* **PROBLEM TO WORK ON**:
Write out all the data again, exactly as shown.

* **DATA**:
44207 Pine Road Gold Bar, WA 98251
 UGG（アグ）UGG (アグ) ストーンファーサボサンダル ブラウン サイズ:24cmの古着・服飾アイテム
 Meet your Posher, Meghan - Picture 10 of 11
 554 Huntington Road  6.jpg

* **WRITTEN SOLUTION**:
44207 Pine Road Gold Bar, WA 98251
 UGG（アグ）UGG (アグ) ストーンファーサボサンダル ブラウン サイズ:24cmの古着・服飾アイテム
 Meet your Posher, Meghan - Picture 10 of 11
 554 Huntington Road  6.jpg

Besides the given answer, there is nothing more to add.